I am by no means a stock market wizard. In fact, I know very little about the market. However, there are several resources for you to get educated about the market. I am not saying to gamble away your money on volatile stocks. I am saying that there are a few accessible ways to make the most of your $600 using stocks.

For example, use the app Acorns. If you deposit the money into Acorns, they will invest it for you in conservative or aggressive stocks. I began doing this right before the pandemic. Since then, I have made 23% more money than what I originally deposited in less than a year. You also can use apps such as Robinhood to buy low-risk stocks such as Coca-Cola or Abbott. These stocks are safe, hardly ever suffer a steep drop and are good if you are trying to store your money long-term.

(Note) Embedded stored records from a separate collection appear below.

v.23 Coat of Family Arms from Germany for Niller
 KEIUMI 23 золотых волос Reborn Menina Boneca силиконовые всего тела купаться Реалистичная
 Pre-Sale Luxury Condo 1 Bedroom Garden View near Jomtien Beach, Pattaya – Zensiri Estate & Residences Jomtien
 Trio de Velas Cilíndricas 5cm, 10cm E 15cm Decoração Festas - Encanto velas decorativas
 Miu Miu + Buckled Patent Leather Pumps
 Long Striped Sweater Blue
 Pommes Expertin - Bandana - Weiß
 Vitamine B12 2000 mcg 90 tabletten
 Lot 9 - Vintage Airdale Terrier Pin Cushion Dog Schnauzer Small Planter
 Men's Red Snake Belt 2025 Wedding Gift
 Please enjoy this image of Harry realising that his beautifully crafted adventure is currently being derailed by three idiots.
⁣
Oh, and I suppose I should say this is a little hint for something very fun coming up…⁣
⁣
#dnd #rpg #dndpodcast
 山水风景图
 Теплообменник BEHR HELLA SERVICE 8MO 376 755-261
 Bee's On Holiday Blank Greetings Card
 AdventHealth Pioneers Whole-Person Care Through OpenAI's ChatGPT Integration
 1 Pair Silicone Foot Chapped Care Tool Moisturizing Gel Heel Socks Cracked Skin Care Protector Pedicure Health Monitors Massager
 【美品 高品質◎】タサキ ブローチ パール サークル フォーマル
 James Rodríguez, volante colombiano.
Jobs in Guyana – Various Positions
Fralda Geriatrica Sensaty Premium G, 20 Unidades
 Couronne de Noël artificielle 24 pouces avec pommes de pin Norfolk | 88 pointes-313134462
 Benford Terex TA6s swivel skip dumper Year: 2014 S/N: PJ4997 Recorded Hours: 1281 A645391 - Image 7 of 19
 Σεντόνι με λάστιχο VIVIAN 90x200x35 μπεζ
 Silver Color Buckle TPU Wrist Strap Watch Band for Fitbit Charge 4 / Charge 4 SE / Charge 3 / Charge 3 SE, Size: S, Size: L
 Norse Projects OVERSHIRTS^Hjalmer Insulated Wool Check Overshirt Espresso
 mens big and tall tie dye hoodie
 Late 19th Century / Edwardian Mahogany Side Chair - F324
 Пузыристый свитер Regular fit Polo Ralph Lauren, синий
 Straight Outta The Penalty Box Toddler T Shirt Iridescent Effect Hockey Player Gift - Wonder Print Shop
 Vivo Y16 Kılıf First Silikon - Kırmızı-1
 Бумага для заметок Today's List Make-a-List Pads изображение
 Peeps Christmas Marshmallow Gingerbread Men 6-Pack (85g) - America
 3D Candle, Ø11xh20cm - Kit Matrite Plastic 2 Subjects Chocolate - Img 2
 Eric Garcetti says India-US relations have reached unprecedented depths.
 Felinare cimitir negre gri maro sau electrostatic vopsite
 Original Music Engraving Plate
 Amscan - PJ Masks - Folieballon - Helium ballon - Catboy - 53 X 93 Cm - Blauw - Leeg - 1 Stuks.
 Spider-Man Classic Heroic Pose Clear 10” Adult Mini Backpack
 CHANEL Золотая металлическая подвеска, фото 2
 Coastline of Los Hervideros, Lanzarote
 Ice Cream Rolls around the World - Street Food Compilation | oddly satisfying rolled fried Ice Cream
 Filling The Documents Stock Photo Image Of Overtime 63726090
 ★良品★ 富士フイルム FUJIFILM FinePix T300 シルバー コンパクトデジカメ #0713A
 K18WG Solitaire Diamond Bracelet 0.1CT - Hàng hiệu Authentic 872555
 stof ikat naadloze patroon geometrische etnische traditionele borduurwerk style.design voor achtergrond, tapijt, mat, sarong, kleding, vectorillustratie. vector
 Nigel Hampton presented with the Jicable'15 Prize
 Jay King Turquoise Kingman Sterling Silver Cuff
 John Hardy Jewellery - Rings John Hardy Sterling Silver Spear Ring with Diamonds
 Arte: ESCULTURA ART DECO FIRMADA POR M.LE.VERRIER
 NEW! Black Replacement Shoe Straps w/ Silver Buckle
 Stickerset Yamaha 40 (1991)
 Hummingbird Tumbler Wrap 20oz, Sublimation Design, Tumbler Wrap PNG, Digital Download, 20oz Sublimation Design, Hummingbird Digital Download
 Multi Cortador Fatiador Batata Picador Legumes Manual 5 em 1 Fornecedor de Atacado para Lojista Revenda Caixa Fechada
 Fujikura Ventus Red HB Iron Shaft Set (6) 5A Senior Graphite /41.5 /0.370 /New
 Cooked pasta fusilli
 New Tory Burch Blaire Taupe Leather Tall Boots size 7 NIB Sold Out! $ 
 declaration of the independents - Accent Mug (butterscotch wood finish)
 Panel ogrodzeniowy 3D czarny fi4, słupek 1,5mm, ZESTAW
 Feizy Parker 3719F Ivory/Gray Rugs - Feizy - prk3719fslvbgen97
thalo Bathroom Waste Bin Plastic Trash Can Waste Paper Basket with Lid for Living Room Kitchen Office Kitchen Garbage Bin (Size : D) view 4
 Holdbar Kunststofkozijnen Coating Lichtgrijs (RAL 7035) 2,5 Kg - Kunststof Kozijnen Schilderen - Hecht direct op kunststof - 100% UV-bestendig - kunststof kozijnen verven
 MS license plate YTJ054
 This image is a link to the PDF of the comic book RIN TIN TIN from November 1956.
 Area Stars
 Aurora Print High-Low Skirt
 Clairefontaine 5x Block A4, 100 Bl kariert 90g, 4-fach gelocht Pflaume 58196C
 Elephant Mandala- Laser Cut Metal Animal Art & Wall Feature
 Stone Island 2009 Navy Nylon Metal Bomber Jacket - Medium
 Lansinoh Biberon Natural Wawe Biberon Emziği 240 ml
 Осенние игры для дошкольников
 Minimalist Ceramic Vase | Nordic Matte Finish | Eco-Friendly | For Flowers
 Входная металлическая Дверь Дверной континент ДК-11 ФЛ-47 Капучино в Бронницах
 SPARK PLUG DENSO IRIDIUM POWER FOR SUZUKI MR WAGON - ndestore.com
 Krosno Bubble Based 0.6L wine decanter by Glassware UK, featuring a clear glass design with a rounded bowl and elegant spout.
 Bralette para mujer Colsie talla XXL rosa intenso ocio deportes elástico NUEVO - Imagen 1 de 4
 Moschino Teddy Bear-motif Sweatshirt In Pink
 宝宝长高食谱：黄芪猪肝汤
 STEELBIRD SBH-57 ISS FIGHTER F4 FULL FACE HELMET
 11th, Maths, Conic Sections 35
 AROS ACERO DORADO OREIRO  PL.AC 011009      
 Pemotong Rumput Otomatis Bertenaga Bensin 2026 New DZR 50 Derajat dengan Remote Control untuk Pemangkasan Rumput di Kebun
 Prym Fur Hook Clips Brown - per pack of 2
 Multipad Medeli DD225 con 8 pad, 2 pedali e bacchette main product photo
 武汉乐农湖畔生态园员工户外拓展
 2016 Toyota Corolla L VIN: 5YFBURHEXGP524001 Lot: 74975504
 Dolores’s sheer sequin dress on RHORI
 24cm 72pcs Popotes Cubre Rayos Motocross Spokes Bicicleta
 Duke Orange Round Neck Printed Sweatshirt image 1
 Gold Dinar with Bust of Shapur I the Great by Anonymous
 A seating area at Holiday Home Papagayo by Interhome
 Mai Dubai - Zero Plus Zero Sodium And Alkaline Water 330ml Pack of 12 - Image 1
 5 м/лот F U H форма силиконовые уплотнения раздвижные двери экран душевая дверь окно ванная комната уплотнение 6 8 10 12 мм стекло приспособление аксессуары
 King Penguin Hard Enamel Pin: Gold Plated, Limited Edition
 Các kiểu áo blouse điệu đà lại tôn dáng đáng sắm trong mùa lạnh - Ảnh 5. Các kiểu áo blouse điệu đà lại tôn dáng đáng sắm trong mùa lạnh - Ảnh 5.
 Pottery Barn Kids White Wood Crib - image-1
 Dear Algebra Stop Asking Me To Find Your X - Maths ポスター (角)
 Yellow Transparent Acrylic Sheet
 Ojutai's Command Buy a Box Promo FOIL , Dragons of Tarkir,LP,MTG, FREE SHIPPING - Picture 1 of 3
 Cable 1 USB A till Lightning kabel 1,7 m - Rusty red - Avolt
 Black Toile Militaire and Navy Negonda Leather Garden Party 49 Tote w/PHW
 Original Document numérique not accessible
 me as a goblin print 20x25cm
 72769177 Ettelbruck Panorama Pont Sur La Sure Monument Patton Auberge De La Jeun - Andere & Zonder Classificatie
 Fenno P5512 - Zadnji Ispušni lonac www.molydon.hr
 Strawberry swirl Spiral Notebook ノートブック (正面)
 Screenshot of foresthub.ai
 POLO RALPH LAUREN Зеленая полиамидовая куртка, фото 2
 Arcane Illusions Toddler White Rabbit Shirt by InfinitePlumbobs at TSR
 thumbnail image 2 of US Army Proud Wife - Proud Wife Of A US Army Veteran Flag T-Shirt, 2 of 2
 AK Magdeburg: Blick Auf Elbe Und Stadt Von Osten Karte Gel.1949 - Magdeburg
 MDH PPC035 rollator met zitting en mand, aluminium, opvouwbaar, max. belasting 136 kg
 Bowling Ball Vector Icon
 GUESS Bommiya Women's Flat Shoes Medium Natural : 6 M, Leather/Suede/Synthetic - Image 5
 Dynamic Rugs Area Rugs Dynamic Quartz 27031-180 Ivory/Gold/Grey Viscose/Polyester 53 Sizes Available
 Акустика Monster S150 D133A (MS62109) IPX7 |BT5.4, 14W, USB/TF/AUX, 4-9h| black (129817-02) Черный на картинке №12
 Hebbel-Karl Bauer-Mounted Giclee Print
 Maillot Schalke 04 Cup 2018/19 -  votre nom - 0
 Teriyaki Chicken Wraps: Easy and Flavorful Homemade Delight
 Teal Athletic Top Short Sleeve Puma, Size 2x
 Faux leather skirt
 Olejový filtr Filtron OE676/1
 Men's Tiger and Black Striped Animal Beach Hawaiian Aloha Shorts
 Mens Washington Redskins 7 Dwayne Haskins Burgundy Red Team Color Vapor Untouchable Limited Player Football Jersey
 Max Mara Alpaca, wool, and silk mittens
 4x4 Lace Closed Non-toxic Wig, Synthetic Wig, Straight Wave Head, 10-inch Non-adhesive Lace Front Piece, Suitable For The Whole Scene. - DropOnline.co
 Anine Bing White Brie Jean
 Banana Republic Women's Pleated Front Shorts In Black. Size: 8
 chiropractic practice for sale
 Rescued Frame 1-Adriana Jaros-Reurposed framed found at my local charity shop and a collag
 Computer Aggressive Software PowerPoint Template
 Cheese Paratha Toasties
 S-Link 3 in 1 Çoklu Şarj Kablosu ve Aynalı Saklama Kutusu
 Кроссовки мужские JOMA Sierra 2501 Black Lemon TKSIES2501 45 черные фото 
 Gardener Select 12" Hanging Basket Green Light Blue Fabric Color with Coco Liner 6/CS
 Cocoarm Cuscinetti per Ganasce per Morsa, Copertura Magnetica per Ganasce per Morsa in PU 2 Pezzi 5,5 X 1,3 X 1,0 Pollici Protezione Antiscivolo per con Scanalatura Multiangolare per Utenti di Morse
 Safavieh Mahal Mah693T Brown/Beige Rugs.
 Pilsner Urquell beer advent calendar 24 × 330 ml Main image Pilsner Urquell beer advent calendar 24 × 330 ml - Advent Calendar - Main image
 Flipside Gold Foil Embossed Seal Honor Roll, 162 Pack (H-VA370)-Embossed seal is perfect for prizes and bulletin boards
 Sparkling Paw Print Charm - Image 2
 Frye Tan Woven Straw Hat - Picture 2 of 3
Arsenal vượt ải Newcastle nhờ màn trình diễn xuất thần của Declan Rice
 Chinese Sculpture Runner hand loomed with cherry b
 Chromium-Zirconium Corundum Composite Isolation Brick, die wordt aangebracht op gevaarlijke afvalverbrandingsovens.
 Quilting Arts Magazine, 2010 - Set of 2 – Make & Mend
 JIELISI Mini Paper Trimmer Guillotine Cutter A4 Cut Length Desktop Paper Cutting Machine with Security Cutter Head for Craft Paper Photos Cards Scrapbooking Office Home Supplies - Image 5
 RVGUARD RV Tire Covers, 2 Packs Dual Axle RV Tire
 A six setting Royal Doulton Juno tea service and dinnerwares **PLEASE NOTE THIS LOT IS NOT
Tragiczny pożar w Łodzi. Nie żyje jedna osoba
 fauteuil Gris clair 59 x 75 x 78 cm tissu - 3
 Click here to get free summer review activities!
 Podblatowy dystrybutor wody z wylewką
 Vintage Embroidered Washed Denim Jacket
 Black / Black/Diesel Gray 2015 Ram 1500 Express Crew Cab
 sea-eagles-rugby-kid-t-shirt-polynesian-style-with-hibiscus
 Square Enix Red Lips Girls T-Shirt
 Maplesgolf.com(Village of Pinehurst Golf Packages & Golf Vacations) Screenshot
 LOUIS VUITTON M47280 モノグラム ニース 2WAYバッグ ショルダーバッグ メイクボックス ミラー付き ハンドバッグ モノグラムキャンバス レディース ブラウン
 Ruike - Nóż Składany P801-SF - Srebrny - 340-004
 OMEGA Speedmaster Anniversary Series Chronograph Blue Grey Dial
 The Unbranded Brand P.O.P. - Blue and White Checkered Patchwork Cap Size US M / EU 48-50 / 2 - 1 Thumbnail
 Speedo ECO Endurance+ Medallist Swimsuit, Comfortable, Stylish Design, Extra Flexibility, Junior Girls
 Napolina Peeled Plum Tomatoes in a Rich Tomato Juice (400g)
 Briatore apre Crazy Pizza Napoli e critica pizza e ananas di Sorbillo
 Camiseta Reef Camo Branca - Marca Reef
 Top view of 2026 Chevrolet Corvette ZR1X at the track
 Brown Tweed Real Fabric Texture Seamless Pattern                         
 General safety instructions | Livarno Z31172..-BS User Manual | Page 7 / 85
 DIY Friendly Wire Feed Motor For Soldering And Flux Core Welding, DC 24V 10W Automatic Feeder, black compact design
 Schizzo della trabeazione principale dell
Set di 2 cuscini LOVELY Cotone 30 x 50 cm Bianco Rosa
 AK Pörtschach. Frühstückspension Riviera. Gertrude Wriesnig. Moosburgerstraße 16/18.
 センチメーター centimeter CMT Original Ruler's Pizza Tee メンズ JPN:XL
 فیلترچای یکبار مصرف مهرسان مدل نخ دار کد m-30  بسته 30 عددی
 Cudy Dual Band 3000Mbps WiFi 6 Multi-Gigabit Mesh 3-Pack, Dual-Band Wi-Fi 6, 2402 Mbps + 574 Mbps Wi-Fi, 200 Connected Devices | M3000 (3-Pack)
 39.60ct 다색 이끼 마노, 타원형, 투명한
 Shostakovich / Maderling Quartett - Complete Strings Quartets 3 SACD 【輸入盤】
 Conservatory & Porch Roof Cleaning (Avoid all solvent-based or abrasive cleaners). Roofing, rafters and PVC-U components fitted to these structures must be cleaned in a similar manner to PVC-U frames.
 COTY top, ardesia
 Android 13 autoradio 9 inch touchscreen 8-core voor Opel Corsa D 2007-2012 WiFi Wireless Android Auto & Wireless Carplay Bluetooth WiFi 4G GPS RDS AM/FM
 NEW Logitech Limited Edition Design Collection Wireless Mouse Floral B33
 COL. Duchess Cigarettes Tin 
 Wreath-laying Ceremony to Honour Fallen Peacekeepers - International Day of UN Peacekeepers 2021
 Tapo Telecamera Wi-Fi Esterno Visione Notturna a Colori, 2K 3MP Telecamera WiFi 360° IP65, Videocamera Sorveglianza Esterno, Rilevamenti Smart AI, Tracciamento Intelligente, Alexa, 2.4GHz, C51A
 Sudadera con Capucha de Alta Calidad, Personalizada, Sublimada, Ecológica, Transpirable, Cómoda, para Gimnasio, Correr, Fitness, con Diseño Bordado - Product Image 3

2. Use it as a down payment.

It is not often that we get a lump sum of money dropped into our bank account. If you are looking to buy a car or a house, the stimulus check can help you get a leg up on your down payment. After you make this upfront payment, depending on your interest rate, you should be able to make monthly payments on the rest of the loan or mortgage. Do not use the money to buy something beyond your price range. I am simply saying that you can use this money to jump ahead in your savings goals. 

3. Target a loan.

If you’re like me, you have several small loans through one company or a federal loaning service. Mine is for paying off my college loans. If this is the case, you can do something called snowballing one loan, which is where you put a larger amount of money on one loan and make the minimum payments on others. This will shrink the life of one of your loans quicker and lower your monthly payments long-term. If you are done paying student loans earlier in life, then that’s less interest you have to pay off in the future, therefore saving you money in the end.